Tucson memorial speech, 2011 

President of the United States Barack Obama delivered a speech at the Together We Thrive: Tucson and America memorial on January 12, 2011, held in the McKale Center on the University of Arizona campus.

It honored the victims of the 2011 Tucson shooting and included themes of healing and national unity. Watched by more than 30 million Americans, it drew widespread praise from politicians and commentators across the political spectrum and from abroad.

State of the Union Address, 2011 

The 2011 State of the Union Address was a speech given by President Barack Obama at 9 p.m. EST on January 25, 2011, in the chamber of the United States House of Representatives. In this joint session Obama outlined his "vision for an America that's more determined, more competitive, better positioned for the future—an America where we out-innovate, we out-educate, we out-build the rest of the world; where we take responsibility for our deficits; where we reform our government to meet the demands of a new age."

Speech to joint session of Congress, 2011

State of the Union Address, 2012 

The 2012 State of the Union Address was a speech given by former President Barack Obama, from 9 p.m. to 10:17 p.m. EST on Tuesday, January 24, 2012, in the chamber of the United States House of Representatives. In his speech, he focused on education reform, repairing America's infrastructure with money not used on the Iraq War, and creating new energy sources in America.

Speech to the Clinton Global Initiative, 2012 
Barack Obama's speech to the Clinton Global Initiative in 2012 took place on September 25. The speech was on the subject of human trafficking, which Obama referred to as "modern slavery". He stated that he did not use the term "slavery" lightly, knowing that this word conjures painful memories of previous forms of slavery in the United States. In the speech, he told his administration to oppose human trafficking to a greater extent than the administration had done previously. He also encouraged people to develop technology to combat human trafficking, and specifically put a call out to college students. He also told the story of former human trafficking victim Sheila White, who, in 2003, was battered next to the Port Authority of New York and New Jersey without anyone even asking her if she needed help. Opening night of the human-trafficking-themed Canadian play She Has a Name in Edmonton, Alberta coincided with Obama's speech. JD Supra called it a "landmark speech [that] is reflective of the fact that human trafficking and forced labor have become key priorities" for people wishing to address the human rights issues that result from business operations. California Against Slavery founder Daphne Phung was pleased with Obama's speech. As part of the Obama administration's followup to the speech to the Clinton Global Initiative, there was a 25-person discussion at the White House about how to eliminate human trafficking globally.

"You didn't build that", 2012  

The speech took place in Roanoke, Virginia, on July 13, 2012.

"Trayvon Martin could have been me 35 years ago", 2013 

On July 19, 2013, President Obama gave a speech in place of the usual White House daily briefing normally given by White House Press Secretary Jay Carney.

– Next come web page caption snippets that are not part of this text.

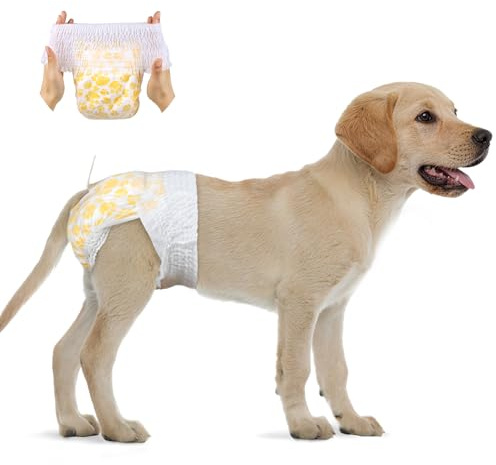 Flying Paws Couches pour Chienne Femelle, 15 Couches Jetables Taille L (30-50cm), Culottes de Chaleur 360° avec Ceinture Extensible, Super Absorbantes pour Incontinence, Convient Aussi aux Chats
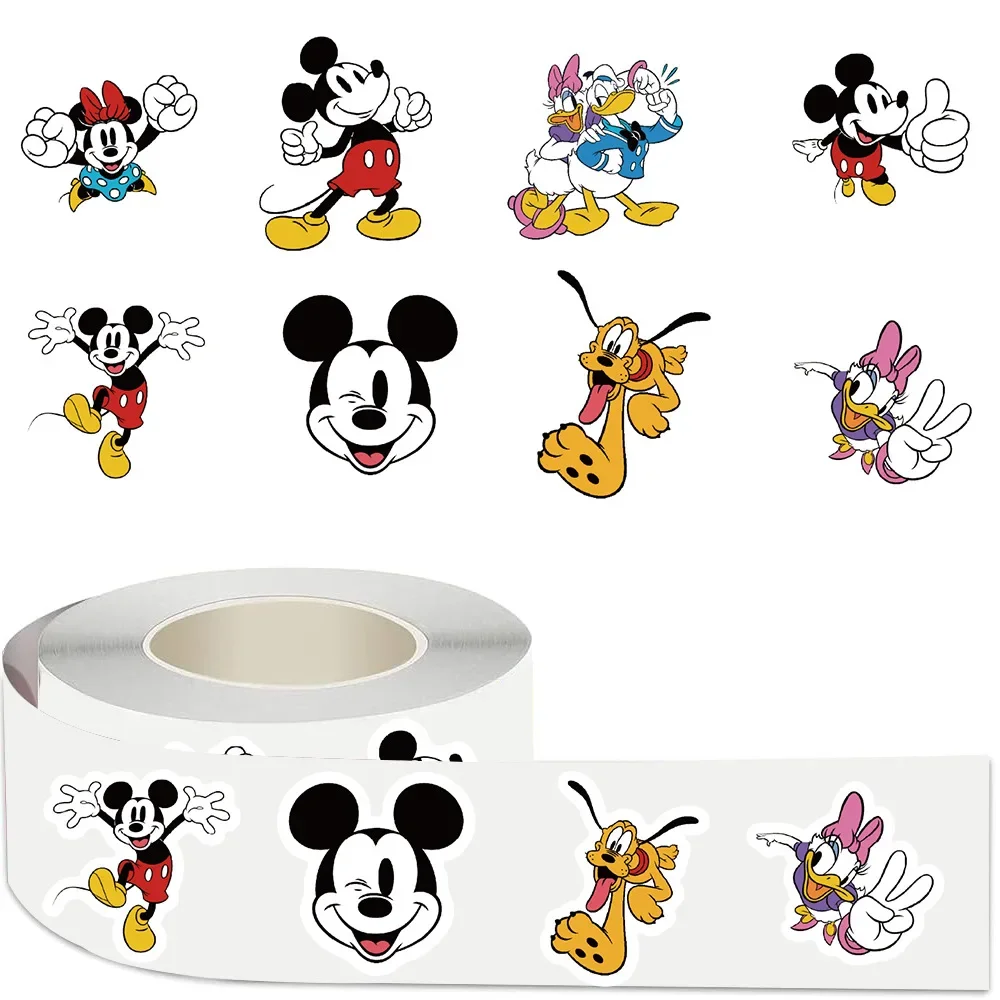 500pcs/Roll Mickey Mouse and Donald Duck Stickers DIY Skateboard Laptop Guitar Phone Car Seal Label Decals Decoration Stickers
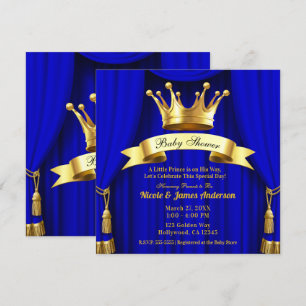 Königsblau Gold Königlicher Kronprinz Baby Shower Einladung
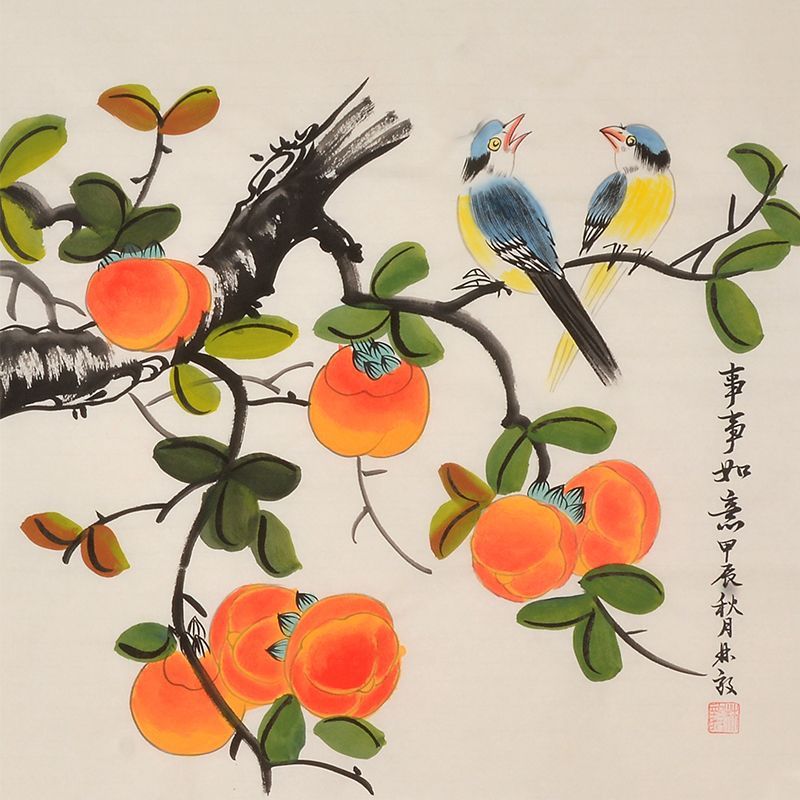 Hand-painted Chinese persimmons and blue birds painting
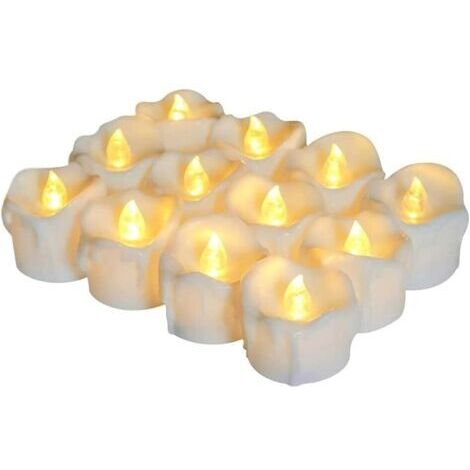 Bougies chauffe-plat à piles, 12 LED sans flamme à effet vacillant, blanc chaud, pour Noël, Halloween et les mariages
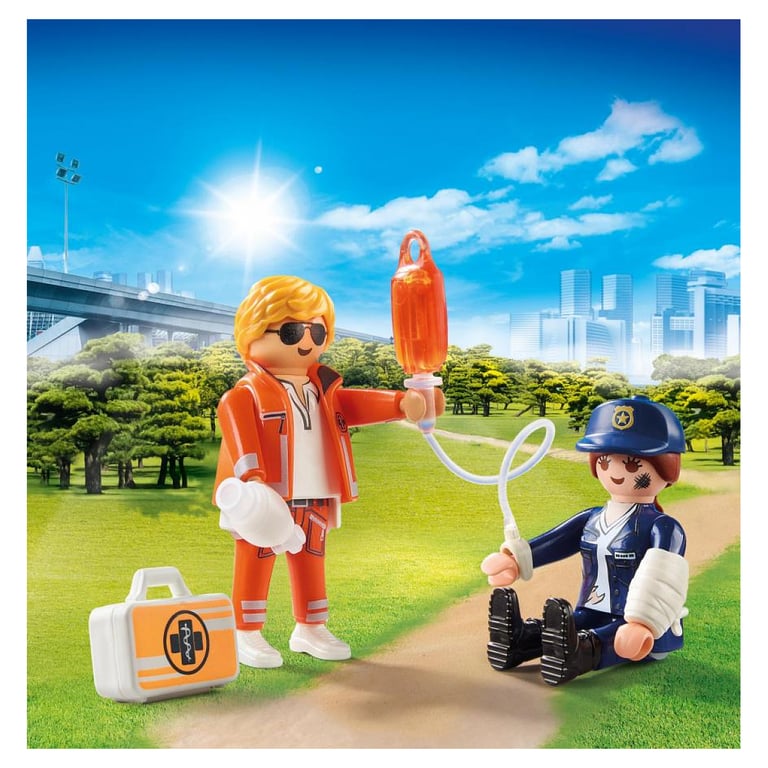 Playmobil Duo Secouriste et Policière Action et Secours Neuf - vue 2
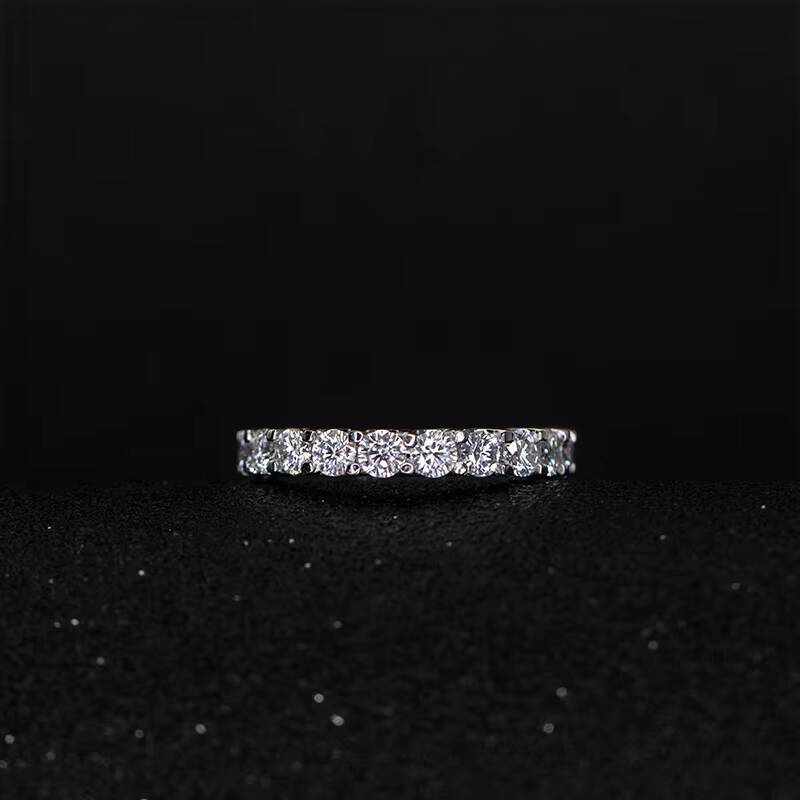 14k Solid White Gold 3mm Moissanite Eternity Band Rings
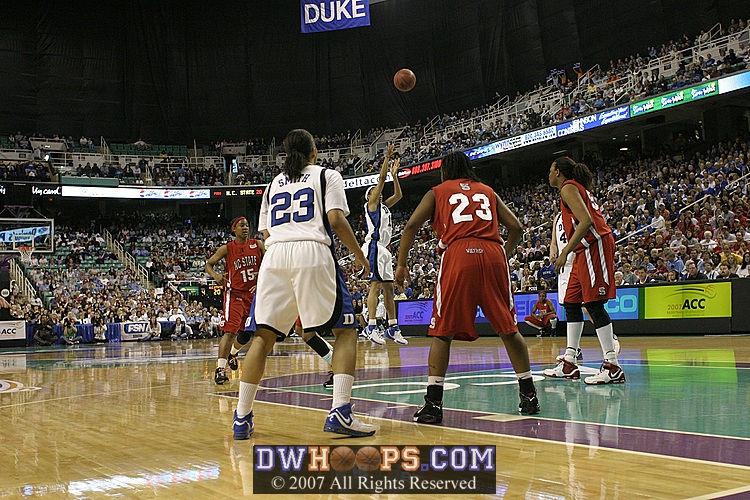 Lindsey knocks down a long jumper - but Duke's next made basket would come at the 16:26 mark of the second - an almost 12 minute drought.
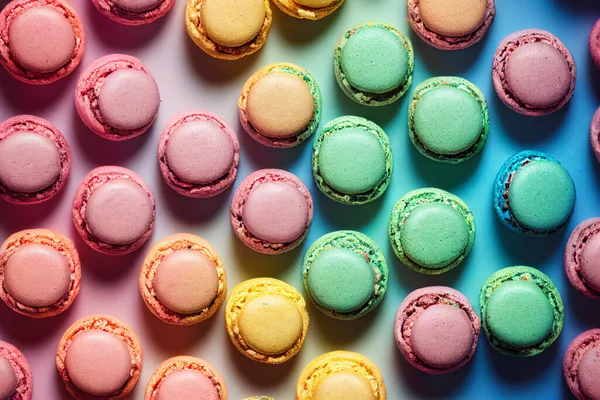 Food illustration - a collection of multi colored macaroons flatlay.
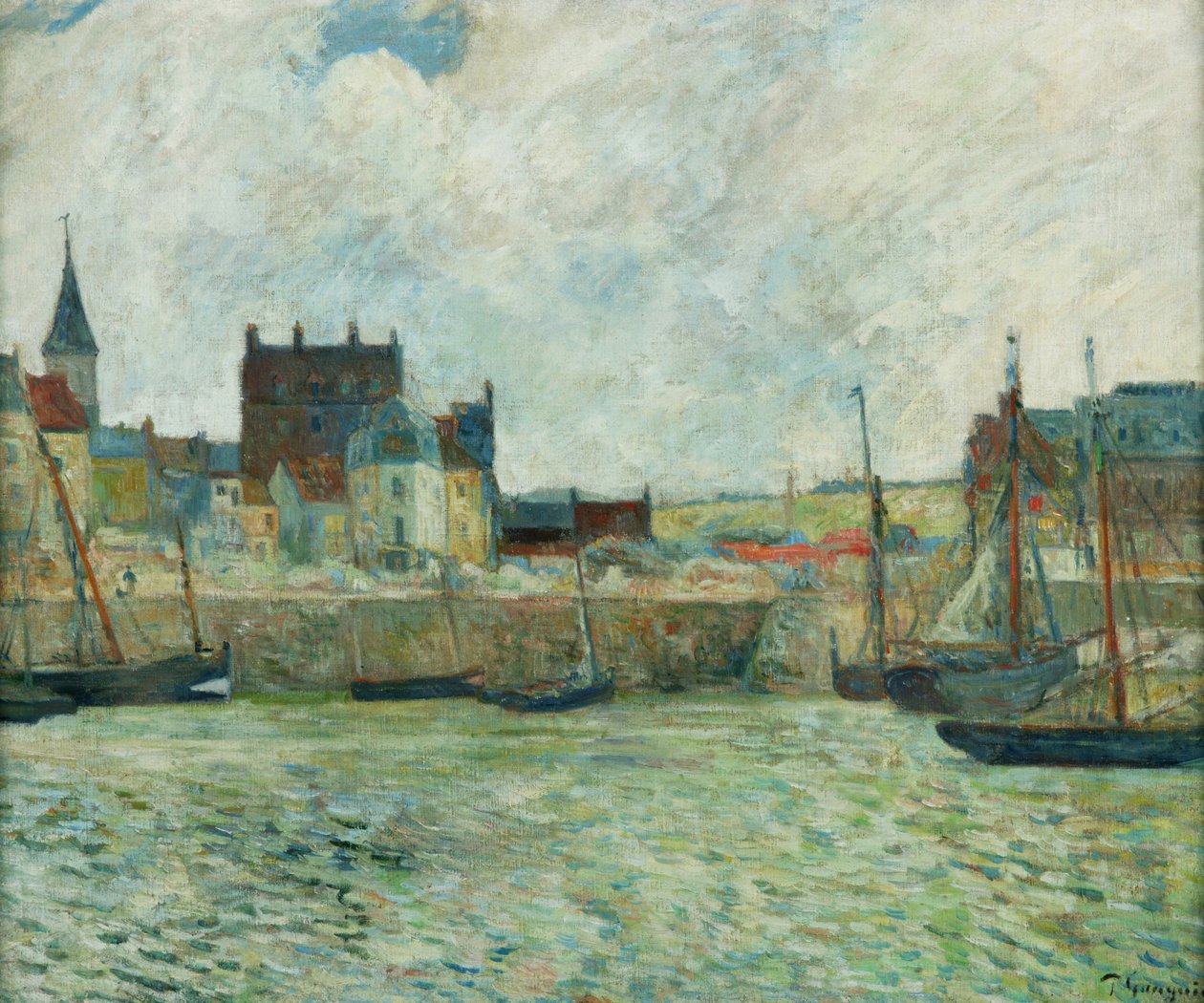 Scena portowa, Dieppe, ok. 1885-86 (olej na płótnie) autorstwa Paul Gauguin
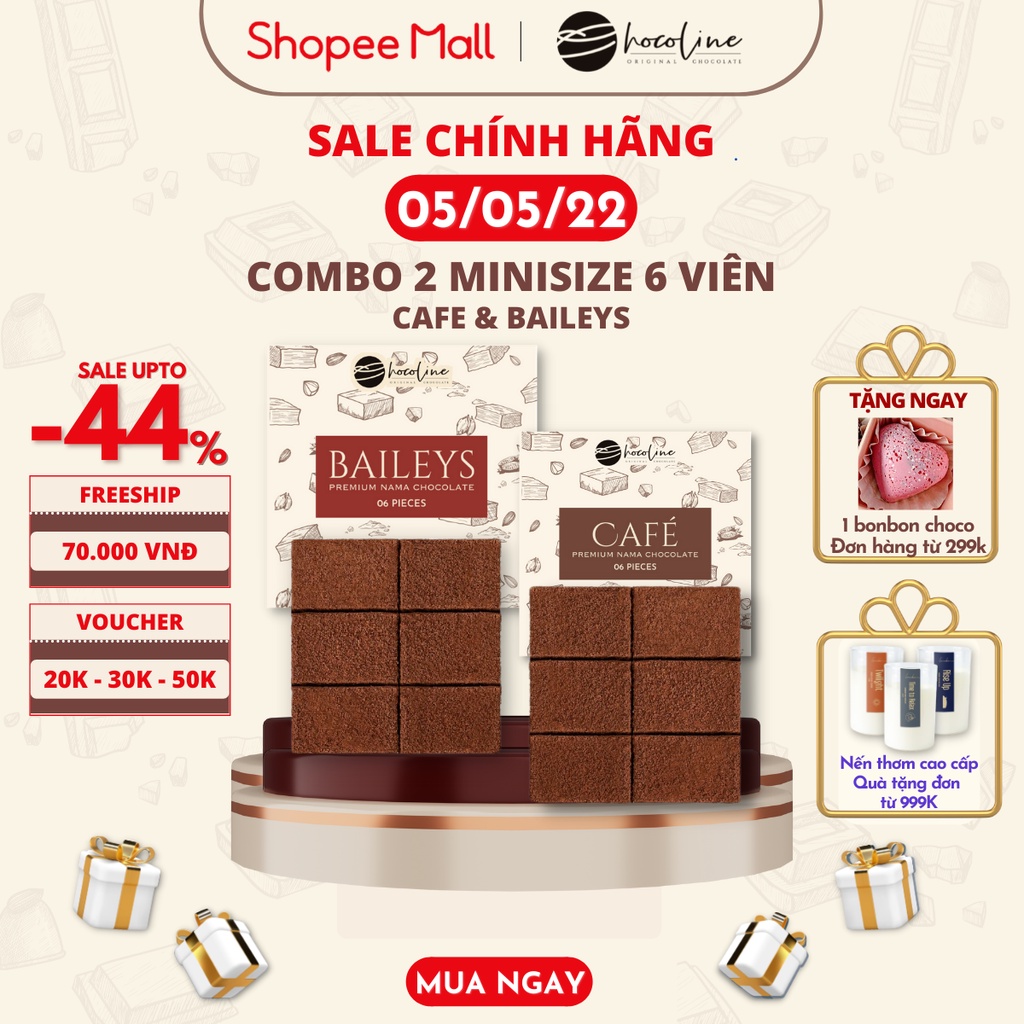 Socola Tươi Chocoline Vị Cafe, Vị Kem Sữa Baileys - Combo 2 hộp 6V (80 gram)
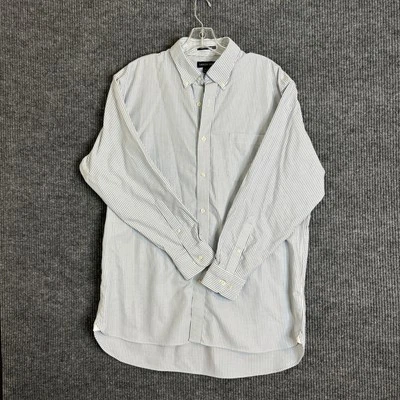Land's End Mens Supima No Iron Oxford Shirt Size 17-33  Striped Long Sleeve - Image 1 of 4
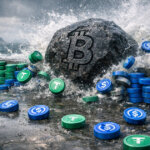 Waves slam a seawall as a Bitcoin boulder crashes through stacks of Tether and USD Coin tokens, symbolizing $3B in new stablecoin mints failing to stop Bitcoin’s slide toward $70,000.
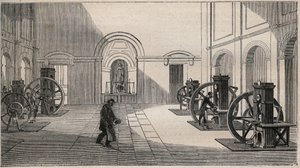 Presse monétaire Thonnelier à La Monnaie de Paris - gravure de 1877 - Unknown artist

In the 17-minute speech, President Obama spoke about public reaction to the conclusion of the George Zimmerman trial, racial profiling, and the state of race relations in the United States. The speech was widely covered on news networks, and made headlines across the country. During this speech, made six days after George Zimmerman was found not guilty, Obama said, "Trayvon Martin could have been me 35 years ago." That phrase became the most frequently quoted portion of the speech in the news cycle that followed. The speech marked a major turning point for Barack Obama, who had previously shied away from addressing issues of racial tension during his presidency. During the remarks, President Obama spoke about the many African-Americans who have experienced racial profiling, including himself.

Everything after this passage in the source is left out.